In El Salvador, former rebels poised for electoral gains FMLN could win what 12 years of fighting didn't

March 16, 1997|By NEW YORK TIMES NEWS SERVICE

SAN SALVADOR, El Salvador -- At the height of El Salvador's civil war, soldiers and police officers more than once gunned down protesters who gathered in the main downtown square.

But last week, when the guerrillas-turned-politicians of the Farabundo Marti National Liberation Front held the final rally of their election campaign, police were present only to provide security for the candidates and an exuberant crowd waving red flags.

El Salvador, one of the main battlegrounds of the East-West conflict during the 1980s, is about to take another big step toward a civil society.

As voters prepare to go to the polls today for the second election since the civil war ended here five years ago, the FMLN is poised to make the sort of gains in the congressional and municipal vote that it failed to achieve in more than 12 years of fighting.

A series of polls released last month put the former rebels in a virtual dead heat with, or even slightly ahead of, their former enemies of the right-wing Nationalist Republican Alliance, the governing party known as Arena.

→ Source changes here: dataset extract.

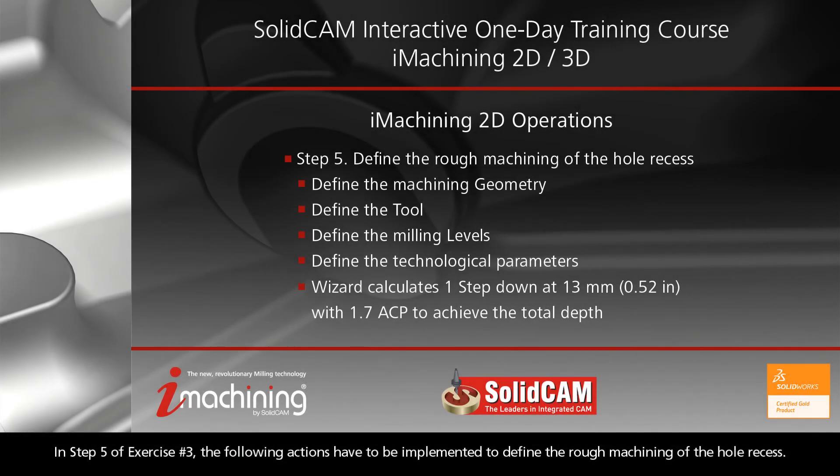In step 5 of exercise number 3, the following actions have to be implemented to define the rough machining of the hole recess.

Those results have energized the left and elated the architects of their effort to transform an armed insurgency into a conventional political party.

Although the election is expected to solidify the FMLN's position as the second most important political force, the party will remain far from its ultimate goal of winning power. Arena is expected to maintain the largest bloc of seats in the Legislative Assembly and to win more than two-thirds of the mayoral posts, and it controls the presidency.

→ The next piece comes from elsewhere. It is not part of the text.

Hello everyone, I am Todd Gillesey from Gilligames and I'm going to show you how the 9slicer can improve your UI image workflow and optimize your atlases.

But "mathematics is one thing, and political impact is another," HTC said Facundo Guardado, a former guerrilla commander who is director of the FMLN's election campaign.

After eight years in office, the governing party appears to have alienated many voters with economic policies that have generated growth but have been much less successful in distributing wealth or holding down inflation.

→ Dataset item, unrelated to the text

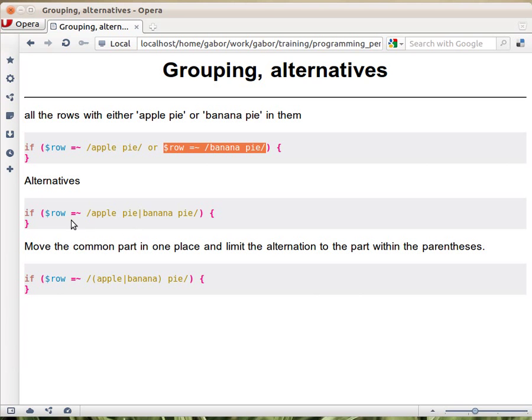So now we have one regular expression, and it says match applePie or match bananaPie. And that has the same result as the previous one.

The governing party has also been weakened by an internal dispute that has seen a handful of prominent members defect to the National Conciliation Party, another right-wing group.

The left, too, is somewhat divided. Leaders of the Democratic Party, a center-left offshoot of the FMLN, have accused their former colleagues of ownership of a large arms deposit recently uncovered in Nicaragua and of being responsible for various acts of violence that took place in the 1980s.